Ma il rapporto tra l'essere umano e i peli è molto antico: gli uomini delle caverne iniziarono a praticare la depilazione con strumenti rudimentali per eliminare il problema dei geloni in inverno e in generale dei parassiti. Una volta risolte le questioni di sopravvivenza grazie anche alla riduzione della quantità di pelo sul corpo umano sancendo la separazione netta dagli animali, sono iniziate quelle estetiche.

Gli antichi Egizi avevano una profonda cultura della depilazione, eliminando spesso anche sopracciglia e capelli. Nell'Antica Grecia prima e tra i Romani poi, la depilazione assunse un ruolo importante soprattutto tra le classi più aristocratiche: rasoi di rame, pinzette create con conchiglie ma anche paste depilatorie a base di zucchero (usate tutt'oggi), come quella che utilizzava Cleopatra secondo la leggenda, erano i metodi più comuni.

Anche nel mondo arabo il culto della pelle glabra si diffuse: qui venne creato il metodo del filo, oggi ancora utilizzato e considerato uno dei migliori poiché estremamente delicato sulla pelle.

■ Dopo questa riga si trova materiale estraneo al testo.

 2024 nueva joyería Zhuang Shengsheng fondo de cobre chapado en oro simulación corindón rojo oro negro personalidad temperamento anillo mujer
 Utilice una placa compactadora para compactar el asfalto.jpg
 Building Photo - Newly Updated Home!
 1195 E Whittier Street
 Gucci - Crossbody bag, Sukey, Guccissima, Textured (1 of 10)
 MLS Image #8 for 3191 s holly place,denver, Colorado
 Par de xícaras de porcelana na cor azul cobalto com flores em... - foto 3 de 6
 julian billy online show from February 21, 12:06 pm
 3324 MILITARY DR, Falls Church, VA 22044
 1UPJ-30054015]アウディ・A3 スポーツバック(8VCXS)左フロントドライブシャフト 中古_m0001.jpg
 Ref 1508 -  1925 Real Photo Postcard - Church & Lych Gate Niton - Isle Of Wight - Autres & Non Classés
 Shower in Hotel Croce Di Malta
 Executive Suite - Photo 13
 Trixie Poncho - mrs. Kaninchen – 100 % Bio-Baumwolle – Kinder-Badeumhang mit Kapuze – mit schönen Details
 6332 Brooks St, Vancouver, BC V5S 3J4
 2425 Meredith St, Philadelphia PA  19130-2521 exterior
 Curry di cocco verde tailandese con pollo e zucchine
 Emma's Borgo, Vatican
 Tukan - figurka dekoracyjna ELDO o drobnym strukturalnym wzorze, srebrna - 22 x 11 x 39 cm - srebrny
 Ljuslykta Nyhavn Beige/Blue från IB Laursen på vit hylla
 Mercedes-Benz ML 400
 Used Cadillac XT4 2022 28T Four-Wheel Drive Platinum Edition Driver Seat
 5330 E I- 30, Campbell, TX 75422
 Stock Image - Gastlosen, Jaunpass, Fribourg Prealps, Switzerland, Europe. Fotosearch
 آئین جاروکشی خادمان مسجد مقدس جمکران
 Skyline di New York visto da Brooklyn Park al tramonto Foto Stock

Nel corso del Medioevo, in Europa, viene a consolidarsi il concetto di pelo femminile come qualcosa da nascondere: non deve essere né eliminato né mostrato. Ma questo non ferma le donne aristocratiche dal mettere mano al proprio volto, come raccontano le opere d'arte dell'epoca, che mostrano donne con sopracciglia inesistenti o molto sottili.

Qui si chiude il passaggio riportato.